%%% R-courseEH.Rnw
%% Author: emanuelheitlinger@gmail.com
\documentclass[12pt,a4paper]{article}
\usepackage[debugshow,final]{graphics}
\usepackage{float}
\usepackage{lscape}
\begin{document}
\title{Transcript of Mick Crawley's R course 2010
Imperial College London, Silwood Park}
\author{Emanuel G Heitlinger}
\date{}
\maketitle
\setkeys{Gin}{width=\linewidth}
Disclaimer:
The following document is a private transcript of Mick Crawley's R-course. I am a participant in this course and my writeup has in no way been approved by Mick Crawly (from whom the ideas behind the code and teaching concepts are) or any of his staff.
\section*{Interlude: The perfect error bar}
\subsection*{What should error bars tell us?}
\textbf{They should be overlapping if there is no significant difference between the means, non-overlapping if there is significant difference between the means.}
\subsection*{What bars are used and what is wrong about it?}
In a t-test (assuming normal errors and a equal variance of the two samples) we are using the difference between the two means over the the standard error of the difference:\\
$\displaystyle\frac{\bar{x}-\bar{y}}{SE_{difference}}$\\
Or more verbosely:\\
$\displaystyle\frac{\bar{x}-\bar{y}}{\sqrt{\frac{s^2_{A}}{n_{A}}+\frac{s^2_{B}}{n_{B}}}}$\\
This value (the test statistic) is compared to tables, if it is bigger than the value from tables, we accept the \textbf{alternate hypothesis}: significant difference.\\
\subsubsection*{Bars of length one standard error (1 s.e.)}
Remember, that the standard error of the mean is:\\
$SE_{\bar{y}}=\displaystyle\sqrt{\frac{s^2}{n}}$\\
Error bars derived from standard error do not incorporate the value from tables.
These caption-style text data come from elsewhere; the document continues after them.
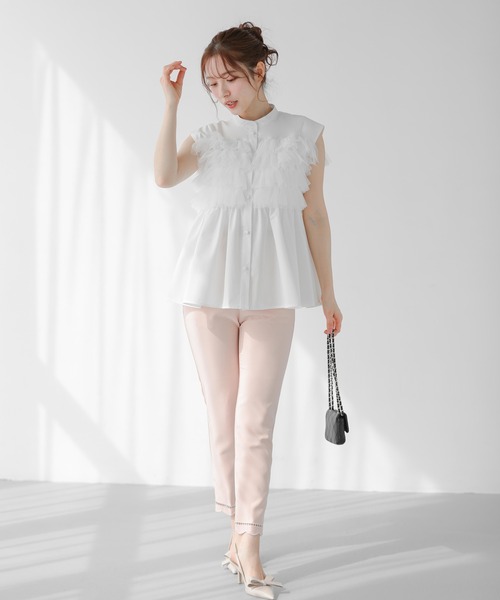 Fit more（フィットモア） ブラウス シャツ チュールドッキングフリル 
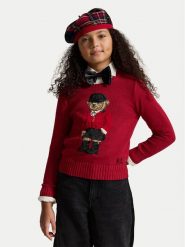 Polo Ralph Lauren Sweter 313B28301001 Czerwony Regular Fit. Czerwone swetry dla dziewczynek Polo Ralph Lauren, bez wzorów, z bawełny, bez kołnierzyka, bez ramiączek, bez kaptura. Za 1,018.99 zł.
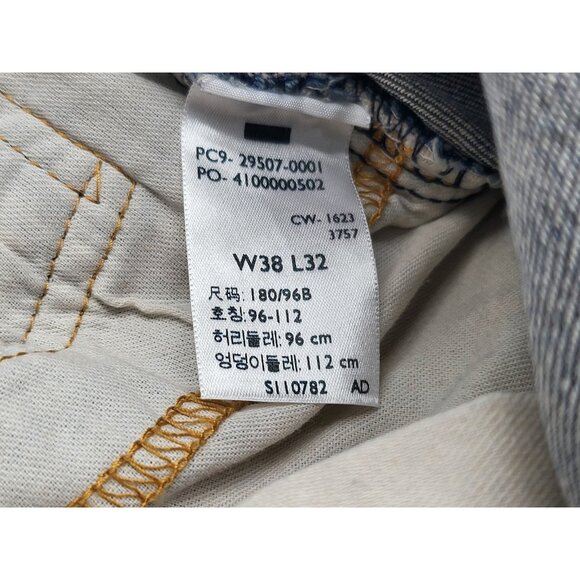 Levis 502 Jeans Mens 38x32 Blue‎ Stretch Denim Tapered Fit Waterless New Tags - Picture 10 of 10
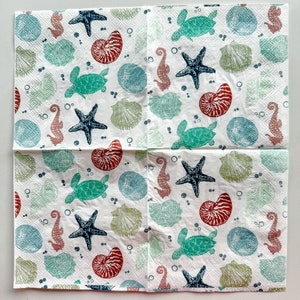 3 tovaglioli da cocktail Under The Sea Turtle per decoupage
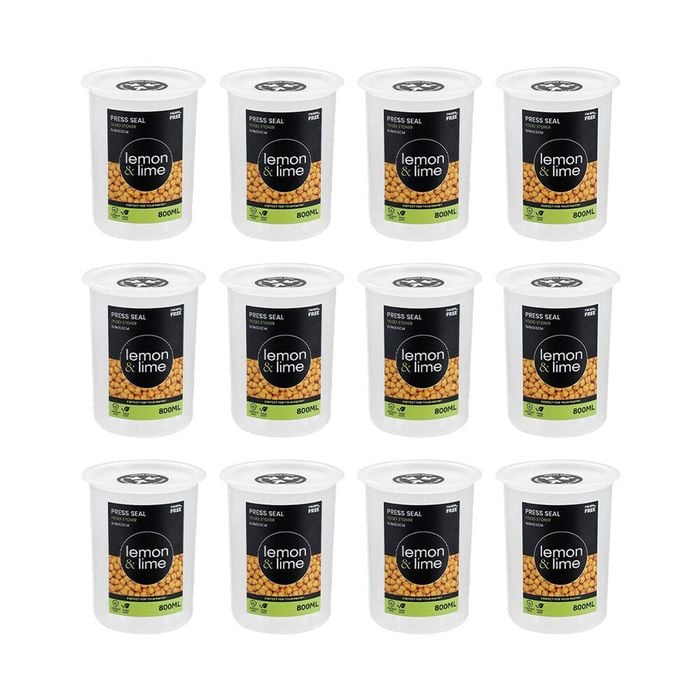 12PK Lemon & Lime Press Seal Food Storer Container 800ml 11x11x13.5cm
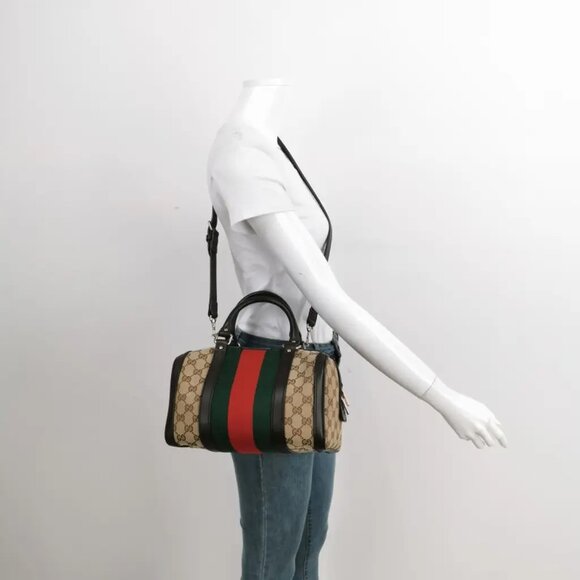 Gucci Vintage Web Boston Bag GG Canvas - Picture 5 of 10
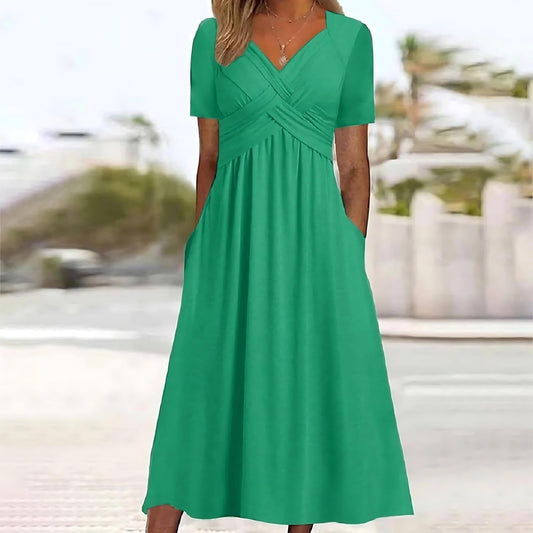 LM | Elegant midi dress with belly cover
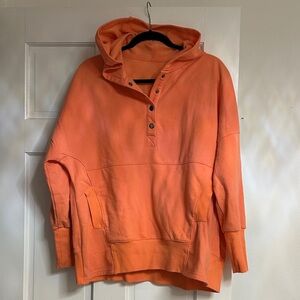 Orange Hooded Sweatshirt with Buttons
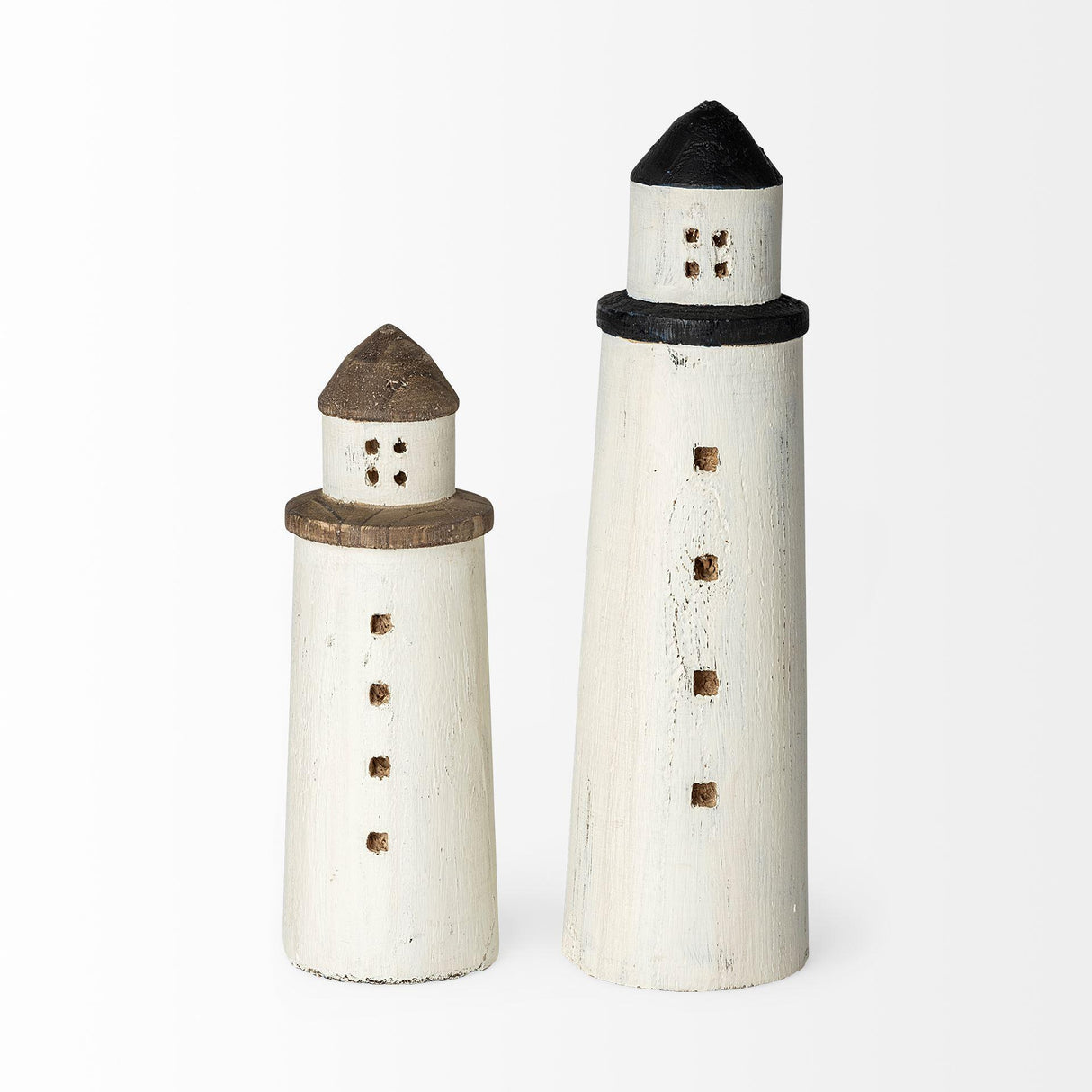 Mercana Abner (Small) 3L x 3W White Wooden Coastal Lighthouse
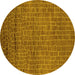 Round Oriental Yellow Industrial Rug, urb2692yw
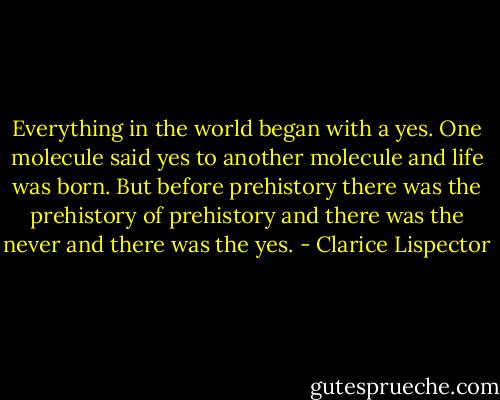 Everything in the world began with a yes. One molecule said yes to another molecule and life was born. But before prehistory there was the prehistory of prehistory and there was the never and there was the yes. - Clarice Lispector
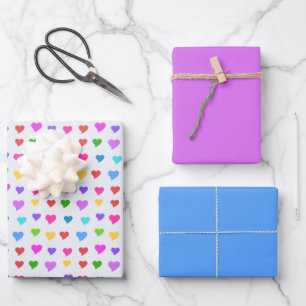 Bunte Flirtende Herzen, Orchidee und Blaugrau Geschenkpapier Set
Instead just 2 individual standard errors are used. 2 is often close to the value from the table, but it is multplied with the wrong quantity: The satandard error of one sample beeing always lower than the standard error of the difference (about 1.4 times) .
Error bars derived from the former can therefore be too short. They could fail indicating non-significance as they could be non-overlapping and still the means non-significantly different.
<>=
x <- c(1,2,3,3,2,3,4,5,3,2,5,4,4,6)
y <- x+1
barplot(c(X=mean(x), Y=mean(y)), ylim=c(0, 6),
main="means with error bars of 1 s.e.")
lines(c(0.7,0.7), c(mean(x)-sqrt(var(x)/length(x)),
mean(x)+sqrt(var(x)/length(x))), lwd=3)
lines(c(1.9,1.9), c(mean(y)-sqrt(var(y)/length(y)),
mean(y)+sqrt(var(y)/length(y))),lwd=3)
@
Here are three means, which have non-overlapping standard error bars.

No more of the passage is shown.